Use cases for artificial intelligence (AI) and machine learning are abundant on the enterprise security landscape, and we remain in an upward trajectory for the array of ways these technologies can be successfully implemented. Yet the oft-repeated refrain that AI is overhyped is also true.
There is some nuance to sift through, so let’s start with this important point – the current hype cycle for AI is different from the ones of the past. While many visions for AI in decades past proved to be misleading, at least in the short term, today, we do have the tools and machine power to do many amazing things with AI, and that list is only going to continue to grow. The problem is, many product vendors and organizations misunderstand or misrepresent their AI usage. For example, many cybersecurity products’ core functionality is not AI-based (though it might have machine learning in a narrow area). In many cases, companies are just utilizing heuristics and slapping on an AI label.
Why does this matter? When technologies are overhyped, people can grow disillusioned. In my days as a student and early-career professional, the quickest way to have a project nixed was to pitch it as an AI project. Let’s not go backward and instead focus on the many realistic ways AI and machine learning can create value for security teams and their organizations today.

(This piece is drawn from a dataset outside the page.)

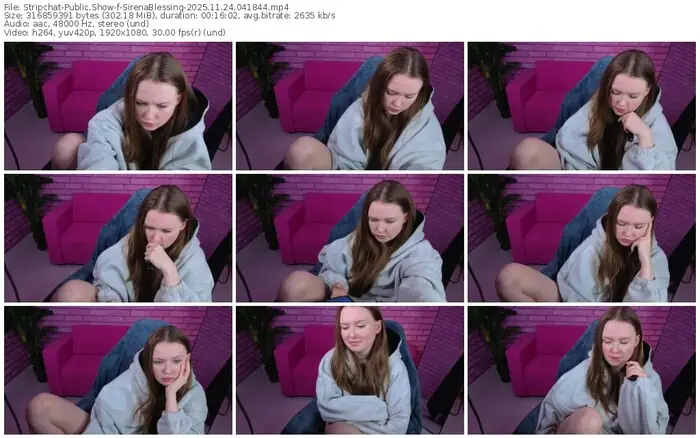 2025/11/24/stripchat-sirenablessing-04-18-44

ISACA’s recent white paper, AI Uses in Blue Team Security, details several areas in which machine learning is especially useful on the cybersecurity front, including network intrusion detection, phishing attack prevention and offensive cybersecurity applications. Additionally, AI and machine learning have proven extremely useful for data categorization and classification – a major priority for many enterprises in an era when data security and data privacy are increasingly top-of-mind. Frankly, humans are not very good at categorizing data – they tend to miss things, and machine learning tools are more likely to be thorough and painstaking. Conversely, if you need to know yes or no to a question, you need a deterministic answer. The minute AI and machine learning are used, by definition, the results are probabilistic – you hope the percentage of time they get it right is high, but we all know from using Siri and Alexa devices that is certainly not a given.
For example, if you need to know the differences between the network behavior of software versions, you don’t want to rely upon the guesswork inherent to machine learning. In this situation, a deterministic approach like NCAST is more appropriate than using AI. Controls are another prime example of where it makes sense to steer clear of AI and machine learning. Controls should be deterministic – the user either has the needed credentials or does not have the credentials. An example of better usage of AI or machine learning here would be for intrusion detection, to flag if an identity has potentially been stolen to gain access. The bottom line: use the right tool for the right purpose.

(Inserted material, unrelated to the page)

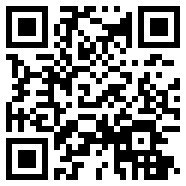 爽的叫动态图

When considering the big-picture impact of AI on security teams, another sobering consideration is that the use of AI by attackers likely will outpace our effectiveness at using AI on the defensive side, for the simple reason that’s it’s always easier to find one way in than to defend every possible attack vector. The attacker’s job is easier, whether the defender is human or AI. The ISACA white paper details malicious uses of AI and machine learning, especially as it pertains to social engineering and phishing threats, and how security teams can best keep pace.
AI and machine learning are powerful tools for security teams, even if it’s nearly impossible to live up to the lofty and occasionally disingenuous hype surrounding the technology. Organizations should be proactive about looking for practical ways to implement AI and machine learning in their security programs but avoid embellishing how they are doing so. Instead, they should accurately describe how and why they are using AI – or not using it. Any claims that products and solutions are magically all-powerful due to AI are counterproductive and contribute to skepticism about the very real potential for AI to be a major asset on the security landscape.